-- Given data follows --
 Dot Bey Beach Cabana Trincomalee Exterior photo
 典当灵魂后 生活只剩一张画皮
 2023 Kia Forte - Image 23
-- Given data concluded --
-- Given data follows --
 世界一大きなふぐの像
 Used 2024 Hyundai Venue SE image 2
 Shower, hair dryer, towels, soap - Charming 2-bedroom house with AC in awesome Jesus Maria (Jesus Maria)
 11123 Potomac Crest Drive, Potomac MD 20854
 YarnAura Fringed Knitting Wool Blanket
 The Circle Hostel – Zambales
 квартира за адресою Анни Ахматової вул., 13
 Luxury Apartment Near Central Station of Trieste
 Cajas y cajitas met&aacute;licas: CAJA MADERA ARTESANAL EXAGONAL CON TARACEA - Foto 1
-- Given data concluded --
> [Work request]: Could you write out, exactly as they stand, only the lines above that begin at the line with "Luxury Apartment Near" and stop after the line with "Cajas y cajitas"?

> [Response for this exercise]:
 Luxury Apartment Near Central Station of Trieste
 Cajas y cajitas met&aacute;licas: CAJA MADERA ARTESANAL EXAGONAL CON TARACEA - Foto 1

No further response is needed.